## Provided data
----------

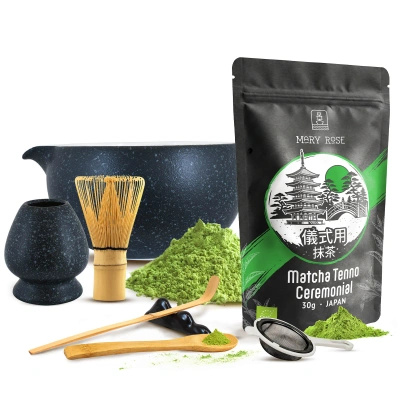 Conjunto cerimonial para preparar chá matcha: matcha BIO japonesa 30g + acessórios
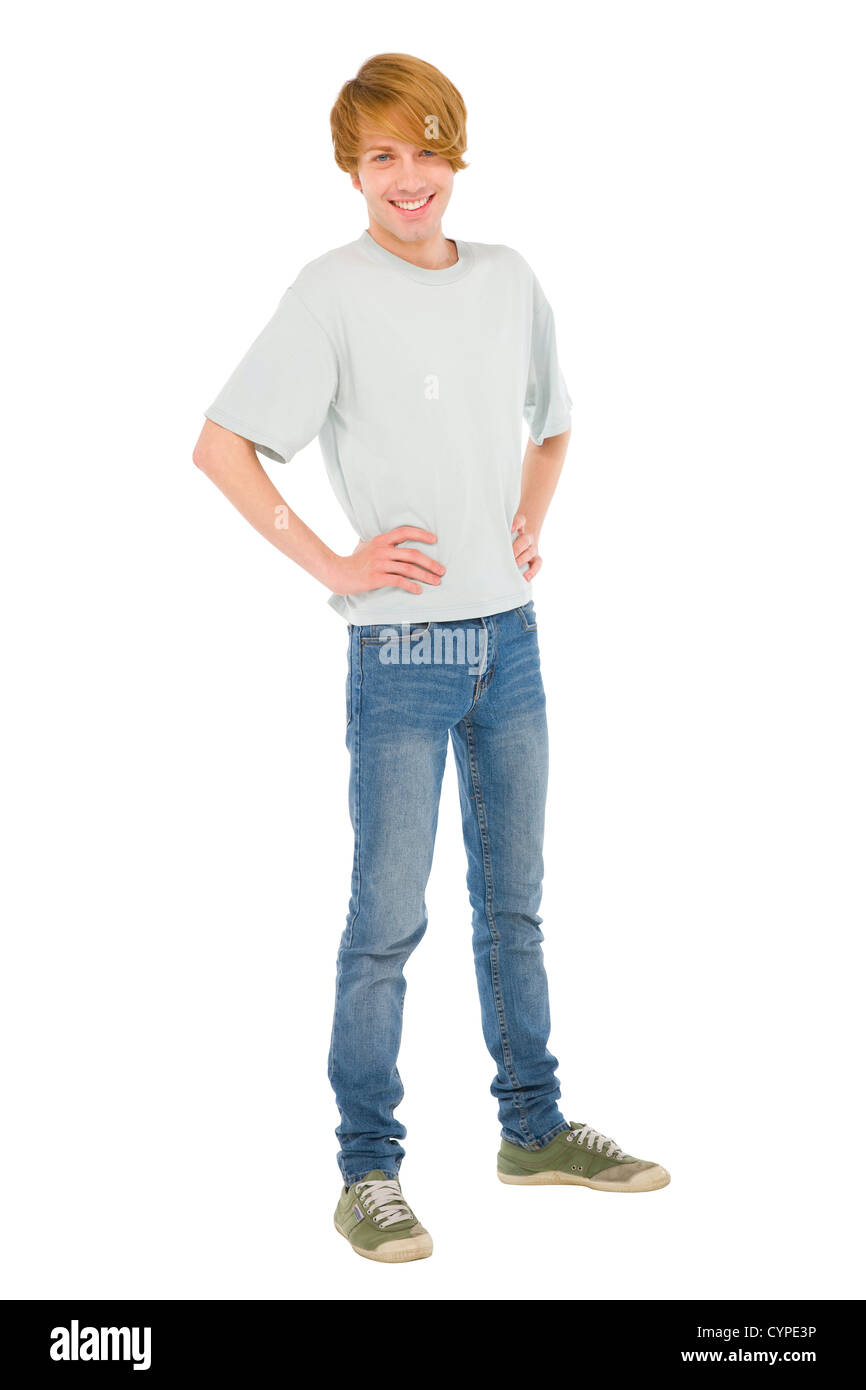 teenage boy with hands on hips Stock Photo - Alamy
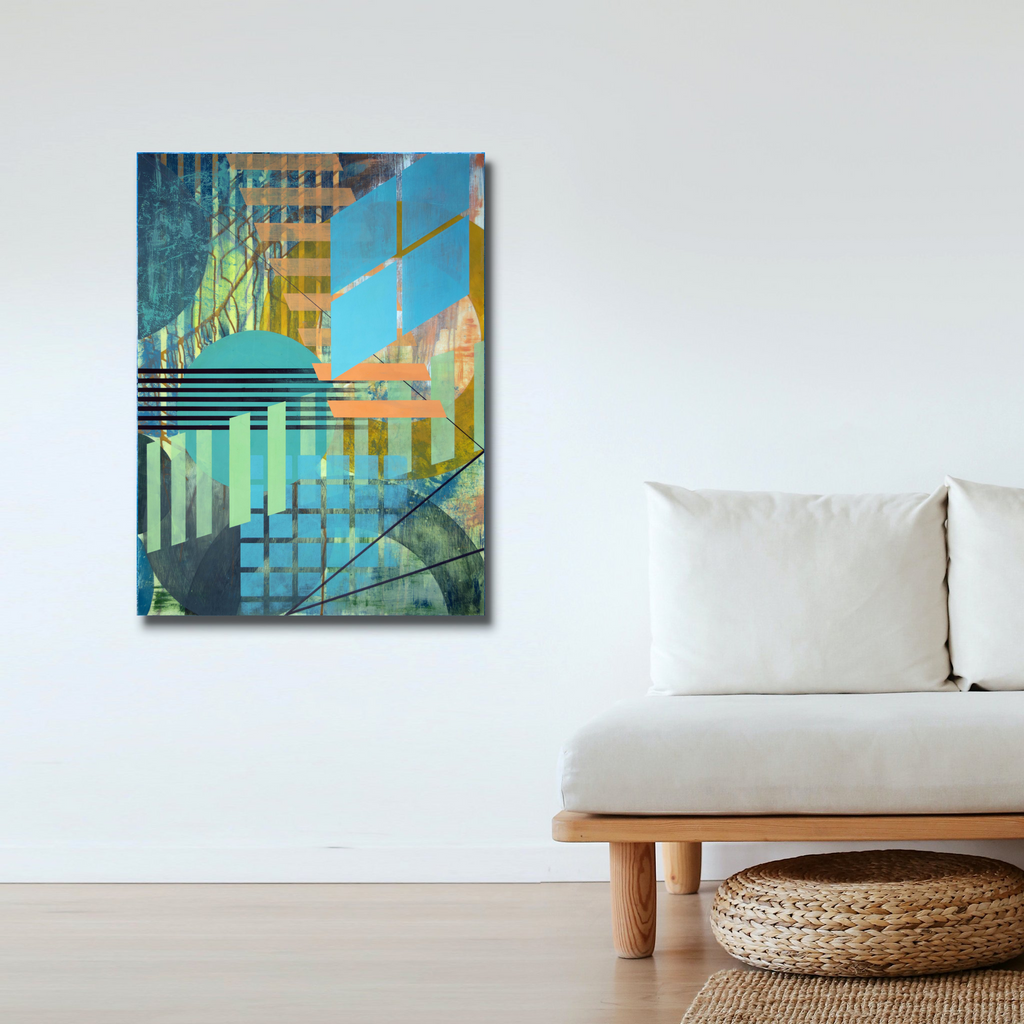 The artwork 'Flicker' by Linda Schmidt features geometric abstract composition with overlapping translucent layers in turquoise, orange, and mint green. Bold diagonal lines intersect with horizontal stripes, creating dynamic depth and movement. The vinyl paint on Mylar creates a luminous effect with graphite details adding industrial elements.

----------

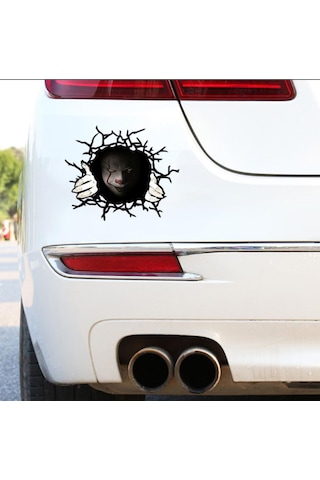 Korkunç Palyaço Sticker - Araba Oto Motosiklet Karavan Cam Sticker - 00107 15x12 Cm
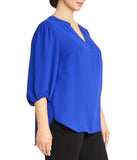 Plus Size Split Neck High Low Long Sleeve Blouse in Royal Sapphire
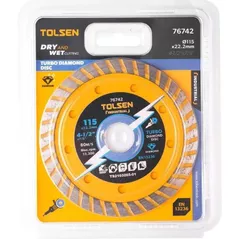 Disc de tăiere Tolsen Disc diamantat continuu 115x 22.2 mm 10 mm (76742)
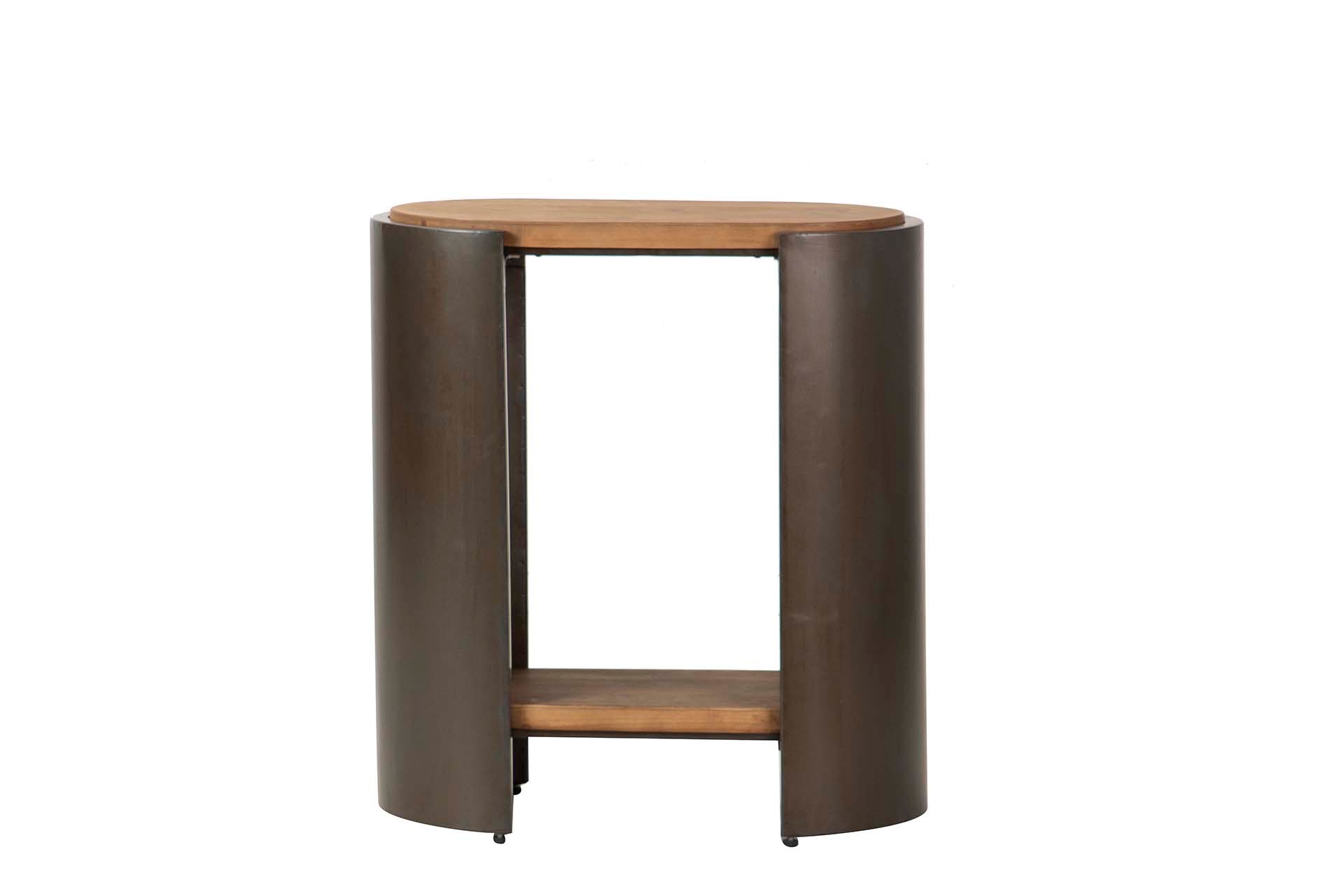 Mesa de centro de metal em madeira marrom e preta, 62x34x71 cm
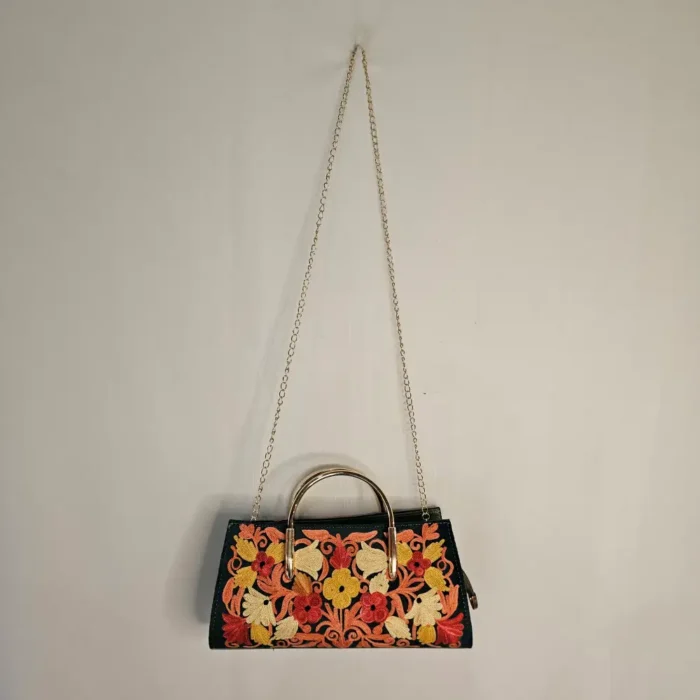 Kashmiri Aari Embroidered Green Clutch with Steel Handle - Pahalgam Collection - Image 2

----------

## Task requirements
Among the lines above, the one with "Disc de tăiere" opens the part to repeat and the one with "Kashmiri Aari Embroidered" closes it; repeat only that part exactly, with no pictures.

## Exercise result
 Disc de tăiere Tolsen Disc diamantat continuu 115x 22.2 mm 10 mm (76742)
 Mesa de centro de metal em madeira marrom e preta, 62x34x71 cm
 Kashmiri Aari Embroidered Green Clutch with Steel Handle - Pahalgam Collection - Image 2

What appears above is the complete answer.